What is expected:
From the line with "ZÁVES ELIZA 140X250 CM BÉŽOVÁ" to the line with "Colina Del Paraiso Apartment *", retype each line exactly as it stands in the records below, but skip the pictures.

Exercise data:

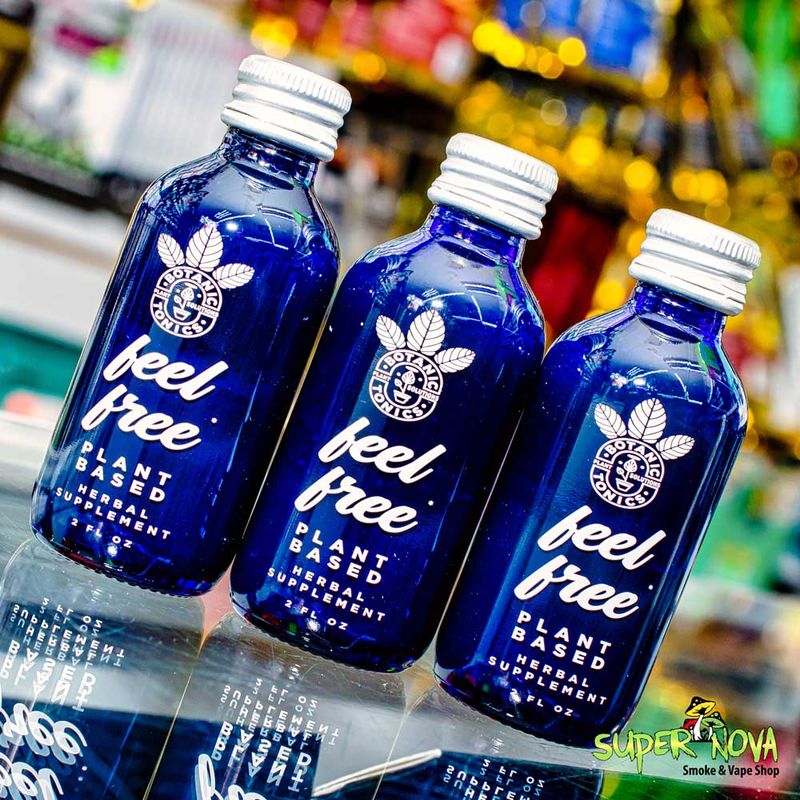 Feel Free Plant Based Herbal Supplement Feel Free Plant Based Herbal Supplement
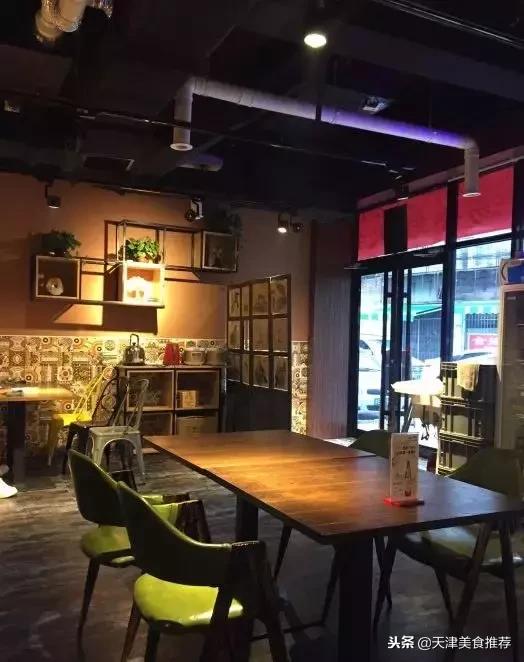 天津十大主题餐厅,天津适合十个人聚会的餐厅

==

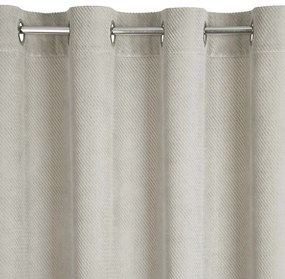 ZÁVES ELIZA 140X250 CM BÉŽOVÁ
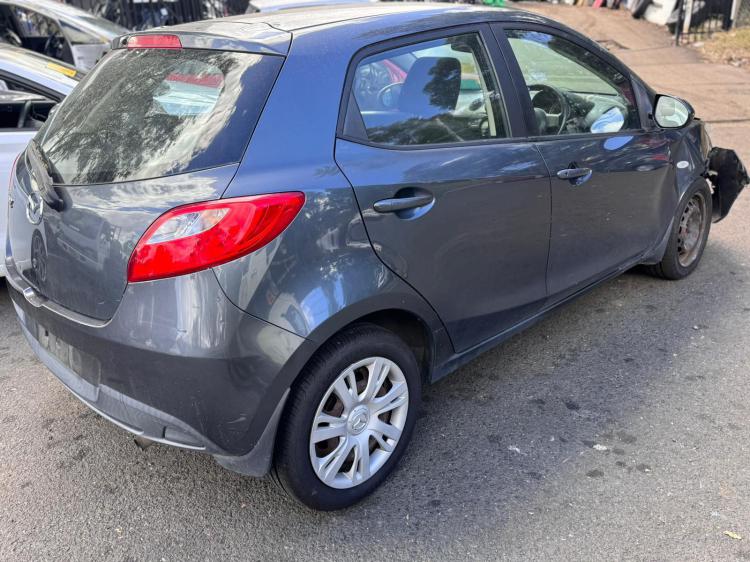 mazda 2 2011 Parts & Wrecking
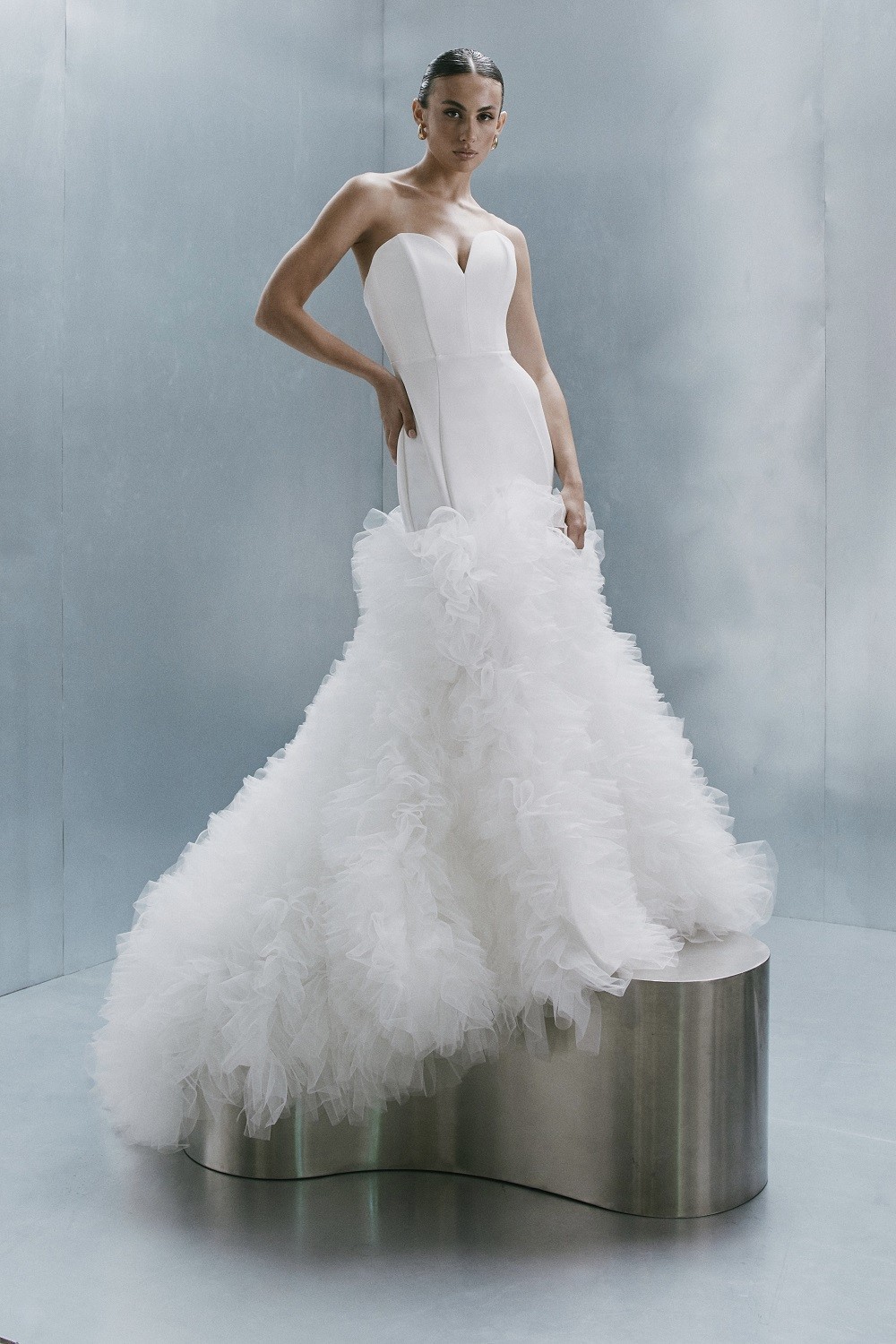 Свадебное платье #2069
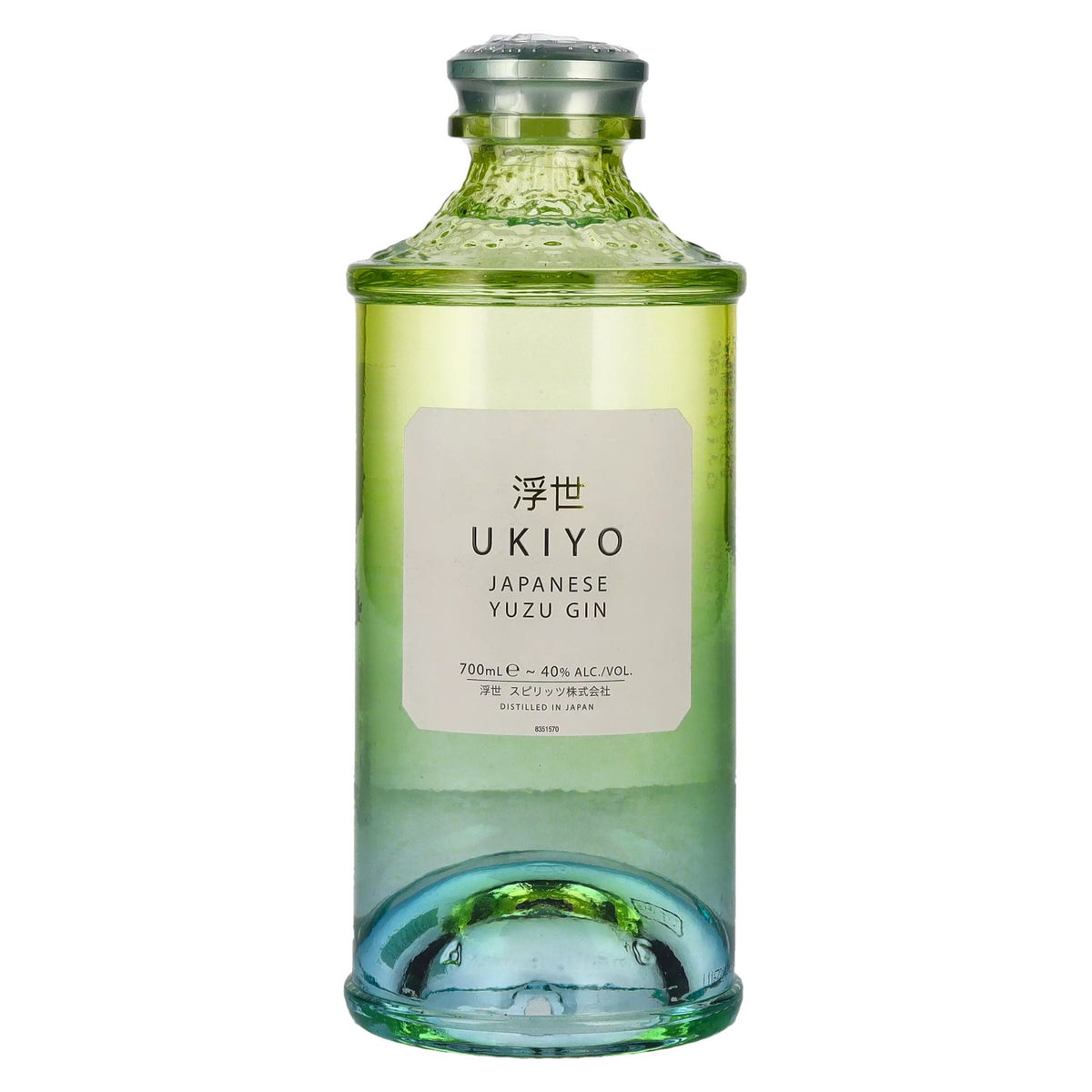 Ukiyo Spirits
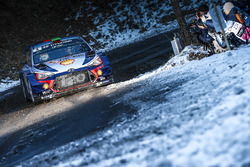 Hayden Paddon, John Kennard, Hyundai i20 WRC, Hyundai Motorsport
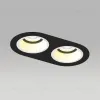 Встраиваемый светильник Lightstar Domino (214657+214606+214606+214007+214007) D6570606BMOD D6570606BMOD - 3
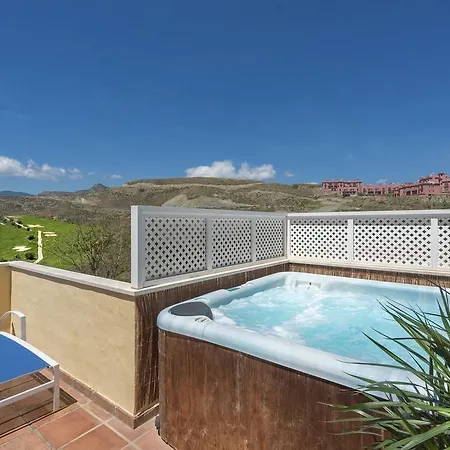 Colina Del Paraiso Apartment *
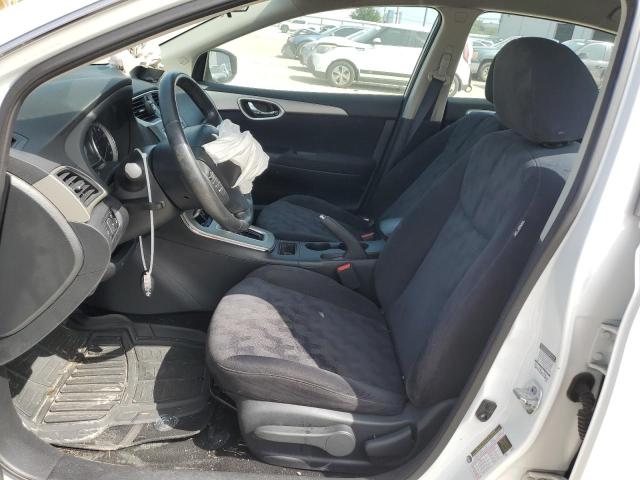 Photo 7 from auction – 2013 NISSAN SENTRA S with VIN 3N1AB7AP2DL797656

Completed exercise:
 ZÁVES ELIZA 140X250 CM BÉŽOVÁ
 mazda 2 2011 Parts & Wrecking
 Свадебное платье #2069
 Ukiyo Spirits
 Hayden Paddon, John Kennard, Hyundai i20 WRC, Hyundai Motorsport
 Встраиваемый светильник Lightstar Domino (214657+214606+214606+214007+214007) D6570606BMOD D6570606BMOD - 3
 Colina Del Paraiso Apartment *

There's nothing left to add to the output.